We have already introduced some EDA approaches for univariate data, namely the histograms and qq-plot. Here we describe the qq-plot in more detail and some EDA and summary statistics for paired data. We also give a demonstration of commonly used figures that we recommend against.

Quantile Quantile Plots

To corroborate that a theoretical distribution, for example the normal distribution, is in fact a good approximation, we can use quantile-quantile plots (qq-plots). Quantiles are best understood by considering the special case of percentiles. The p-th percentile of a list of a distribution is defined as the number q that is bigger than p% of numbers (so the inverse of the cumulative distribution function we defined earlier). For example, the median 50-th percentile is the median. We can compute the percentiles for our list of heights:

library(UsingR) ##available from CRAN
library(rafalib)
x <- father.son$fheight

and for the normal distribution:

ps <- ( seq(0,99) + 0.5 )/100 
qs <- quantile(x, ps)
normalqs <- qnorm(ps, mean(x), popsd(x))
plot(normalqs,qs,xlab="Normal percentiles",ylab="Height percentiles")
abline(0,1) ##identity line

First example of qqplot. Here we compute the theoretical quantiles ourselves.

Note how close these values are. Also, note that we can see these qq-plots with less code (this plot has more points than the one we constructed manually, and so tail-behavior can be seen more clearly).

qqnorm(x)
qqline(x) 

Second example of qqplot. Here we use the function qqnorm which computes the theoretical normal quantiles automatically.

However, the qqnorm function plots against a standard normal distribution. This is why the line has slope popsd(x) and intercept mean(x).

In the example above, the points match the line very well. In fact, we can run Monte Carlo simulations to see plots like this for data known to be normally distributed.

n <-1000
x <- rnorm(n)
qqnorm(x)
qqline(x)

Example of the qqnorm function. Here we apply it to numbers generated to follow a normal distribution.

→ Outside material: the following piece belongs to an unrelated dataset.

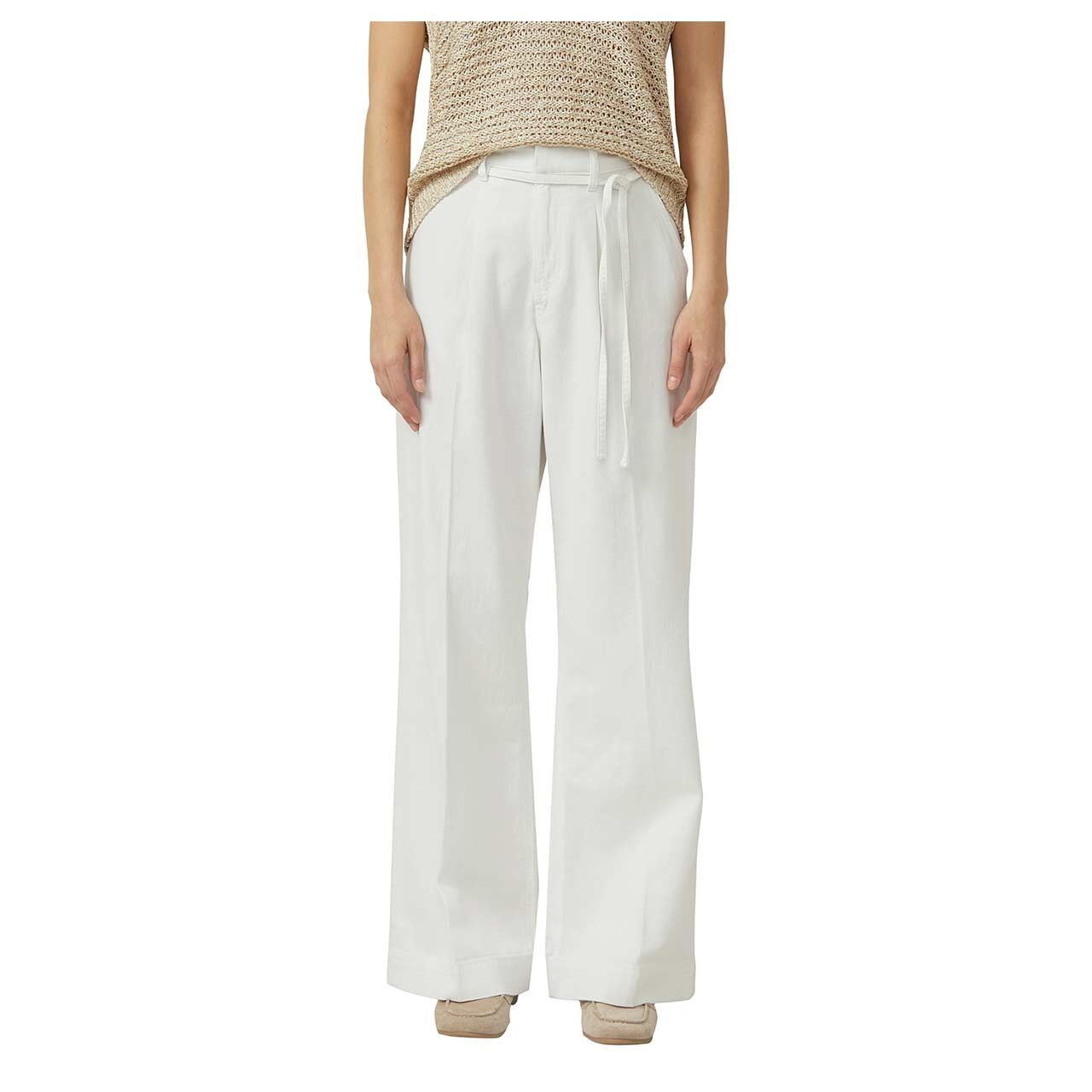 Damenjeans Suri von s.Oliver in Weiß, Vorderansicht am Model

We can also get a sense for how non-normally distributed data will look in a qq-plot. Here we generate data from the t-distribution with different degrees of freedom. Notice that the smaller the degrees of freedom, the fatter the tails. We call these “fat tails” because if we plotted an empirical density or histogram, the density at the extremes would be higher than the theoretical curve. In the qq-plot, this can be seen in that the curve is lower than the identity line on the left side and higher on the right side. This means that there are more extreme values than predicted by the theoretical density plotted on the x-axis.

dfs <- c(3,6,12,30)
mypar(2,2)
for(df in dfs){
  x <- rt(1000,df)
  qqnorm(x,xlab="t quantiles",main=paste0("d.f=",df),ylim=c(-6,6))
  qqline(x)
}

We generate t-distributed data for four degrees of freedom and make qqplots against normal theoretical quantiles.

Boxplots

Data is not always normally distributed. Income is a widely cited example. In these cases, the average and standard deviation are not necessarily informative since one can’t infer the distribution from just these two numbers. The properties described above are specific to the normal. For example, the normal distribution does not seem to be a good approximation for the direct compensation for 199 United States CEOs in the year 2000.

mypar(1,2)
hist(exec.pay) ##in UsingR package
qqnorm(exec.pay)
qqline(exec.pay)

Histogram and QQ-plot of executive pay.

In addition to qq-plots, a practical summary of data is to compute 3 percentiles: 25-th, 50-th (the median) and the 75-th. A boxplot shows these 3 values along with a range of the points within median $\pm$ 1.5 (75-th percentile - 25th-percentile). Values outside this range are shown as points and sometimes refereed to as outliers.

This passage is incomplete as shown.